We identified concerns in relation to gas, electrical and fire safety. Following the inspection we contacted Greater Manchester Fire and Rescue Service to inform them of our concerns.

We have asked the provider to tell us what they are going to do to meet the requirements of the law in relation to ensuring that people are kept safe.

Is the service caring?

The care staff had a good understanding of people's needs and they had a relaxed and friendly rapport with the people using the service.

Is the service effective?

For the people who had a mental illness, there were not enough staff to promote their wellbeing and aid their recovery. There was no encouragement and support to provide appropriate activities or community involvement.

There was no evidence to show that staff had received or updated their training to ensure that safe and effective care could be provided.

We have asked the provider to tell us what they are going to do to meet the requirements of the law in relation to ensuring there are sufficient skilled staff provided to meet people's needs.

Is the service responsive?

People were not always referred to the appropriate healthcare professional when an issue of concern had been identified. Despite one person losing a large amount of weight in a short period of time no action had been taken to address the issue.

We have asked the provider to tell us what they are going to do to meet the requirements of the law in relation to ensuring people's health and welfare are protected.

Is the service well led?

Management failed to ensure systems were in place to help protect people against the risks of inappropriate or unsafe care.

Records in respect of the management of the home were either not available or were not accurate.

We have asked the provider to tell us what they are going to do to meet the requirements of the law in relation to ensuring records are accurate and systems are in place to help protect people from harm.

If you want to see the evidence supporting our summary please read our full report.

15 January 2014

During a routine inspection

During our inspection we spoke with two people using the service. We asked them to tell us how they felt they were being cared for. Comments made included; 'It's worthwhile living here. I look after myself but I wouldn't want to move' and 'The staff are lovely and we get well looked after, although I do sort myself out.'

The systems in place to protect people who lacked the capacity to make decisions about their own care and support were not adequate. Staff were not able to demonstrate fully their understanding of the Mental Capacity Act 2005 (MCA) and Deprivation of Liberty Safeguards (DoLS).

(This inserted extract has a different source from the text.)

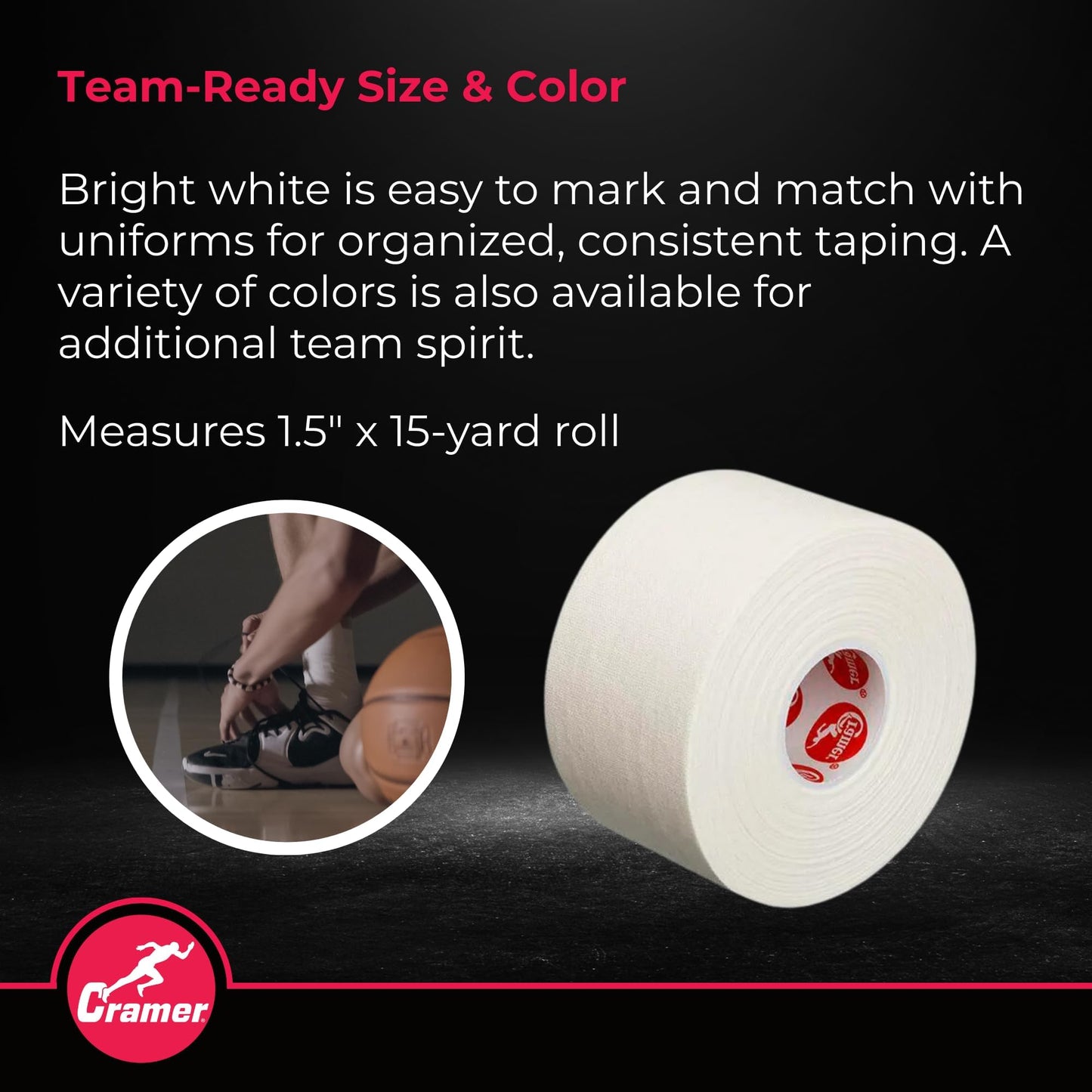 Cramer 950 Premium White Athletic Tape, Bulk Case of Rolls, 1.5" X 15 Yard, 32 Rolls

The planning and delivery of care did not ensure that the individual needs of the people using the service were met.

Arrangements were not in place to ensure that people using the service were cared for by staff that were safely recruited and properly trained.

We found that sufficient numbers of care staff were not available at all times to ensure that the individual needs of the people using the service were met.

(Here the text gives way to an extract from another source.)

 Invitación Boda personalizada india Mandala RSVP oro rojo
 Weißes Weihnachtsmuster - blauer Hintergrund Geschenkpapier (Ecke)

Systems were in place for monitoring the quality of the service provided within the home. They were not robust enough however, to identify the issues of concern we identified in relation to care records.

People were not protected against the risk of unsafe or inappropriate care and treatment because personal care records and records in relation to some aspects of the management of the home were not always accurate and up to date.

26 November 2012

During an inspection looking at part of the service

We did not speak to people using the service during this visit. We checked to see if staff had received the necessary training to enable them to safely care and support people. We found there had been a big improvement in staff training.

21 June 2012

During a routine inspection

During our visit we spoke with four people using the service. They were complimentary about the care and support given to them. Some of the comments were:

'I love it here and I would not want to go anywhere else'.

'They are very good to me and let me help around the place'.

'It is like being at home; I feel safe'.

'They know all about me and know what I need'.

'The manager is fantastic, in fact they all are'.

'They never miss giving me my tablets'.